[Data records]
# # # # #
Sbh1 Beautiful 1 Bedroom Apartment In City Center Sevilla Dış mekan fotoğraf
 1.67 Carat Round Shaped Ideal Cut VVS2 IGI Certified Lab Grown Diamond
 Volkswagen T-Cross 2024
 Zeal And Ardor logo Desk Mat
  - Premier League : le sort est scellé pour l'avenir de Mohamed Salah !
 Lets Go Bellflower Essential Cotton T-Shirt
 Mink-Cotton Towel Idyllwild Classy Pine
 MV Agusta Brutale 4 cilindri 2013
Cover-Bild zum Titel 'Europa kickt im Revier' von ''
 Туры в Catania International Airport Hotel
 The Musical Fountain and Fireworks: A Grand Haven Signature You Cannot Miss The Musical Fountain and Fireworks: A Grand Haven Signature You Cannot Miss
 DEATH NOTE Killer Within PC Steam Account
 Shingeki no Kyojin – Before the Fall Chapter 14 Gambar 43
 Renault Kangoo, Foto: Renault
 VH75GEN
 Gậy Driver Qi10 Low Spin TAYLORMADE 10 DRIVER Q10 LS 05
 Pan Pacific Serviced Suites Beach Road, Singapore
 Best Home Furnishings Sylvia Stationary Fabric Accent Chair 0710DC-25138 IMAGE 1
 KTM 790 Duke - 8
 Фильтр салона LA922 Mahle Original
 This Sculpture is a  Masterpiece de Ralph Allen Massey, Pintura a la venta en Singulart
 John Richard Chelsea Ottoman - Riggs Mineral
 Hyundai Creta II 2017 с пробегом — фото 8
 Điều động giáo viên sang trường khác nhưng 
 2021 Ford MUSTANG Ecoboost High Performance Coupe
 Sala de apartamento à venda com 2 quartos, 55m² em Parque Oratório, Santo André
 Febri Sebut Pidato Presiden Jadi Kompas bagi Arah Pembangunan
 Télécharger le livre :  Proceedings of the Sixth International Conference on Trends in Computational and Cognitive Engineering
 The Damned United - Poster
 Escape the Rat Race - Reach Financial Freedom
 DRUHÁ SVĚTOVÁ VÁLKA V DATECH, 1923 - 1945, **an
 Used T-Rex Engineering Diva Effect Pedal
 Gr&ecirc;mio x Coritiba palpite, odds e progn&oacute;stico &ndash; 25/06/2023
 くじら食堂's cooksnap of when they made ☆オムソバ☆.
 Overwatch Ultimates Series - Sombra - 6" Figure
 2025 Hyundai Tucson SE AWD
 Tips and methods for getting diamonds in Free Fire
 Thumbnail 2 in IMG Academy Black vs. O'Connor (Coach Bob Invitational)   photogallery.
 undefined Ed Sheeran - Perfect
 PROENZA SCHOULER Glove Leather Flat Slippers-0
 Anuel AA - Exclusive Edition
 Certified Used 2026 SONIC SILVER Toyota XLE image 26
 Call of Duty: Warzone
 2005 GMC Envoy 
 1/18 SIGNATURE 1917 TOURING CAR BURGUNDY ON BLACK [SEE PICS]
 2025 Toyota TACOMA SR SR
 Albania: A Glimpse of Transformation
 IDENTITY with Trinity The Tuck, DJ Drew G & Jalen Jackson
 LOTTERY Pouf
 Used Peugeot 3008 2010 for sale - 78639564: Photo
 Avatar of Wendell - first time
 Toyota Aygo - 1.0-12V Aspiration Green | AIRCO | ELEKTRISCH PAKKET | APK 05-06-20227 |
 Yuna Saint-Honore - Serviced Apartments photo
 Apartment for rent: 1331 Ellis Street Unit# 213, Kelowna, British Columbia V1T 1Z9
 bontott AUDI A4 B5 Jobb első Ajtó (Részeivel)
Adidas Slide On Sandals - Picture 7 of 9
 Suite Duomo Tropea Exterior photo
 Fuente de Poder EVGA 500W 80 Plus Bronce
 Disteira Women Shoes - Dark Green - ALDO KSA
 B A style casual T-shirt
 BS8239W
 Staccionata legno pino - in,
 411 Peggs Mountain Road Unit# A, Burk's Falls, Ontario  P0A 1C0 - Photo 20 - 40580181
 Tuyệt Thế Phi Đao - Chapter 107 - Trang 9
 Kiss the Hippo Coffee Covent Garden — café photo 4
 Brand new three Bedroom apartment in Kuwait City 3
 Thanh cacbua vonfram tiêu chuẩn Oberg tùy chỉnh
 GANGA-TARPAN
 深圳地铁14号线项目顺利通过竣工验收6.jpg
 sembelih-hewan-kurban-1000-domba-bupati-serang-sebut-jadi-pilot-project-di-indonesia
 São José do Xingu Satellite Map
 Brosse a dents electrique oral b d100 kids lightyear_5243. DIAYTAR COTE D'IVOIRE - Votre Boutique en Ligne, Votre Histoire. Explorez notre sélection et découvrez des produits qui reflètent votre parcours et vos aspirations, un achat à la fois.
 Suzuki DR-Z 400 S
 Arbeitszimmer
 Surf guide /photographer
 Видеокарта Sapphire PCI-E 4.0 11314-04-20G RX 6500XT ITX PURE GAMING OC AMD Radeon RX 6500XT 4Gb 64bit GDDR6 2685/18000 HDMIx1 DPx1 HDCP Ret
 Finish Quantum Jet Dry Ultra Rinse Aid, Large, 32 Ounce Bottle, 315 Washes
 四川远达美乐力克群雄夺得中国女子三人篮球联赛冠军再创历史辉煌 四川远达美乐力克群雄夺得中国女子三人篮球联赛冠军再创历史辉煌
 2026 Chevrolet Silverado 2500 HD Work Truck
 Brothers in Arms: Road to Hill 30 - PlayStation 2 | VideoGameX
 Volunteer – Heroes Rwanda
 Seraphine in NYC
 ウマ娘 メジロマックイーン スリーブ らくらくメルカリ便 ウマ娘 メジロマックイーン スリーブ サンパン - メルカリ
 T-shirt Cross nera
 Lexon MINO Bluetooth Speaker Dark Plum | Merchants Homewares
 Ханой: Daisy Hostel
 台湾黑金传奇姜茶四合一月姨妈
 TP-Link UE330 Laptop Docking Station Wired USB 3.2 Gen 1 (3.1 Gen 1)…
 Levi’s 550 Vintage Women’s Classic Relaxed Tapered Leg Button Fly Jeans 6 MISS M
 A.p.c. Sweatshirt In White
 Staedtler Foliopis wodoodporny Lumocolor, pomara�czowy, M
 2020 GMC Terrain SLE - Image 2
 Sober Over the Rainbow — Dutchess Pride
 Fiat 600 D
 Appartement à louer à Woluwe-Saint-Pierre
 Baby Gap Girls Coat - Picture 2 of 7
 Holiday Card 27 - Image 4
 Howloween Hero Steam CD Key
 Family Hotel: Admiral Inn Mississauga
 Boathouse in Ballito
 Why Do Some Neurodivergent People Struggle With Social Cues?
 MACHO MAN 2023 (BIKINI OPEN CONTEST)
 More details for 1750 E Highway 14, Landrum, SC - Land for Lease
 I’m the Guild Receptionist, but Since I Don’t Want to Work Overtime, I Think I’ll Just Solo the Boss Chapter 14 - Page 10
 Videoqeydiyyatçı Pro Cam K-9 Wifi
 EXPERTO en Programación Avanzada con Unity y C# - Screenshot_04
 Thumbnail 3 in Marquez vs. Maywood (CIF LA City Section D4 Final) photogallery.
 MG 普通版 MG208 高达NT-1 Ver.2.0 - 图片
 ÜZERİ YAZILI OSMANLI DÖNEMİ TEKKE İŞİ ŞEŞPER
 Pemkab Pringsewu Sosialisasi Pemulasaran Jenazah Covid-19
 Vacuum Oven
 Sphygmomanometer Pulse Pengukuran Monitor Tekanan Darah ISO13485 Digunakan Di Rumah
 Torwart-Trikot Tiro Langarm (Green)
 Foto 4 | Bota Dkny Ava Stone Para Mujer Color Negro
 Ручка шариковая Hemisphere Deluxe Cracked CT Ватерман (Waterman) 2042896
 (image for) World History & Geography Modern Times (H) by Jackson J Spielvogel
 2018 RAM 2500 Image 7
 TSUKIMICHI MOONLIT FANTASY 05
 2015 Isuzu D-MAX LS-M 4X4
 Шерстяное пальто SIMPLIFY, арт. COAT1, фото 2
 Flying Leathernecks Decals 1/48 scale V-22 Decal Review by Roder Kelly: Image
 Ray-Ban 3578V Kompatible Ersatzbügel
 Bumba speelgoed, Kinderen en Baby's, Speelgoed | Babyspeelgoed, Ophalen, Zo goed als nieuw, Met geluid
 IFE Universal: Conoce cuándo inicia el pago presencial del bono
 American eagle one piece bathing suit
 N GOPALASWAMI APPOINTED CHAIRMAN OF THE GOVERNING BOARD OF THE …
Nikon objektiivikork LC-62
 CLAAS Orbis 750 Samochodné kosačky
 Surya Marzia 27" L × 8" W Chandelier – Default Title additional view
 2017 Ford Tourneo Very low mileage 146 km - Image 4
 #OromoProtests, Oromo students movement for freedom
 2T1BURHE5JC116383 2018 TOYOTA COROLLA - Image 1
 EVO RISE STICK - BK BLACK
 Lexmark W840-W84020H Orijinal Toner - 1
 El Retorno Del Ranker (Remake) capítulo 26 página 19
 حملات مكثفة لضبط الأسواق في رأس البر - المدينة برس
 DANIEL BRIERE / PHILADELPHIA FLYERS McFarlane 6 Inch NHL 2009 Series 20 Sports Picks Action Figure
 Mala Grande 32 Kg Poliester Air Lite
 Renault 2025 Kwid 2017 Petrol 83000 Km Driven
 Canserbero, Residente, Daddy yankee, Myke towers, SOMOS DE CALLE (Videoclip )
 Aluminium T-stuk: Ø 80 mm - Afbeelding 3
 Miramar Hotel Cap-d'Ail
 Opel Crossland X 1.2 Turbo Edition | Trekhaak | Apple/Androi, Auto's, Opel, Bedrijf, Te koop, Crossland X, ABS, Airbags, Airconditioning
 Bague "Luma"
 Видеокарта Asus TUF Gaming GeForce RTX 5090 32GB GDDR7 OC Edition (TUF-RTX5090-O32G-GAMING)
# # # # #
**Assigned task**
Repeat every line exactly, starting with the first line of the entries, and stop once the line containing "Cover-Bild zum Titel" has been given.

**Written response**
Sbh1 Beautiful 1 Bedroom Apartment In City Center Sevilla Dış mekan fotoğraf
 1.67 Carat Round Shaped Ideal Cut VVS2 IGI Certified Lab Grown Diamond
 Volkswagen T-Cross 2024
 Zeal And Ardor logo Desk Mat
  - Premier League : le sort est scellé pour l'avenir de Mohamed Salah !
 Lets Go Bellflower Essential Cotton T-Shirt
 Mink-Cotton Towel Idyllwild Classy Pine
 MV Agusta Brutale 4 cilindri 2013
Cover-Bild zum Titel 'Europa kickt im Revier' von ''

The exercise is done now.